On the fundamental group of the regular part of Fujiki's compact Kahler symplectic orbifolds
Shun Yamaguchi
TL;DR
The paper resolves Perego's question by computing the fundamental group of the regular part of Fujiki's compact Kahler symplectic orbifolds. It introduces a general principle: for a simply connected $Z$ acted on by a discrete group $\mathcal{G}$ with finite stabilizers and suitably small fixed loci, the fundamental group of an open subset $U$ of the quotient $Y=Z/\mathcal{G}$ equals $\mathcal{G}/N_U$, where $N_U$ is generated by the stabilizers over $\pi^{-1}(U)$. Applying this to Fujiki's construction with $Z=S\times S$ and $G$ built from a symplectic finite abelian group $H$ on $S$ (K3 or torus) yields: when $S$ is a K3 surface, $\pi_1(X_{\mathrm{reg}})=\{1\}$, so the orbifold is irreducible; when $S$ is a complex torus, $\pi_1(X_{\mathrm{reg}})$ is a finite group determined by $H$ (with four torus‑derived cases not irreducible), and the universal cover of $X_{\mathrm{reg}}$ extends to an étale in codimension one cover that is an irreducible symplectic orbifold.
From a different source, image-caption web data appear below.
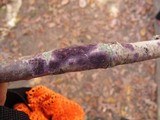 Porostereum crassum image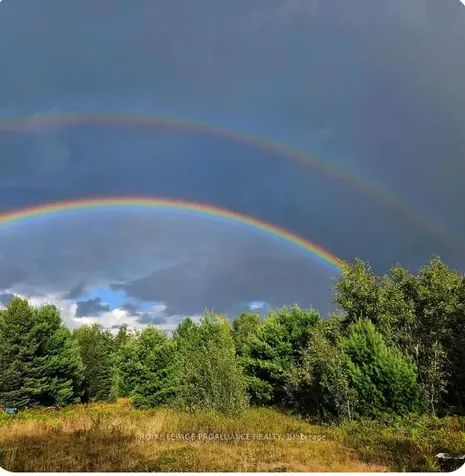 00 Highway 41 N/a Addington Highlands ON K0H 1Z0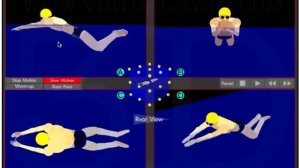 Стили плавания в 3d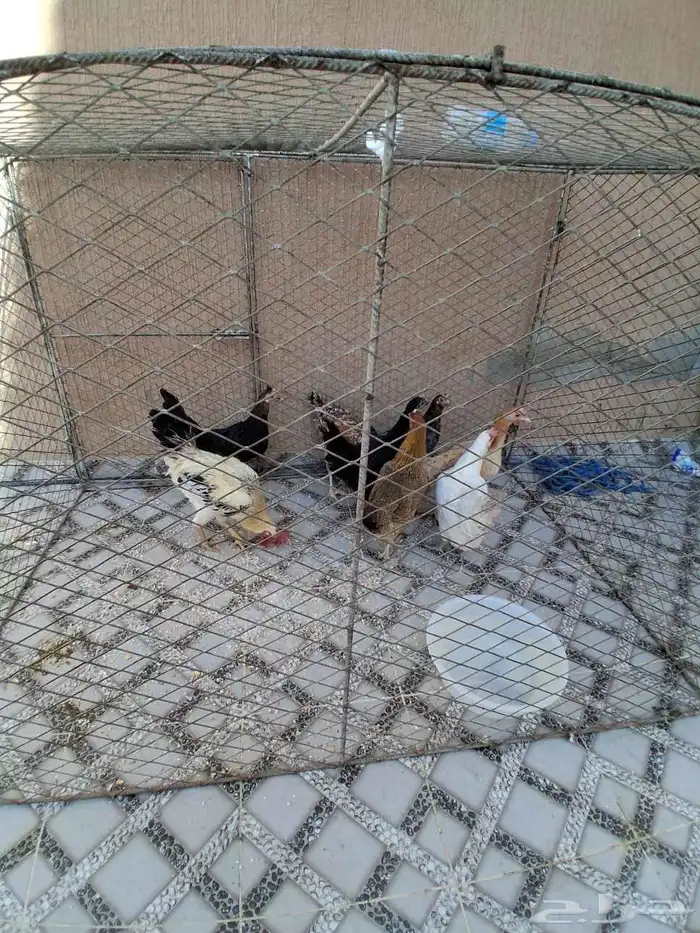 دجاج للبيع 2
Together, these results classify irreducibility within Fujiki's examples and provide explicit fundamental groups for the regular parts.
Abstract
We calculate the fundamental group of the regular part of certain compact Kahler symplectic orbifolds constructed by Fujiki, called Fujiki's examples. We determine which one is an irreducible symplectic orbifold among Fujiki's examples. This answers a question posed by A.Perego.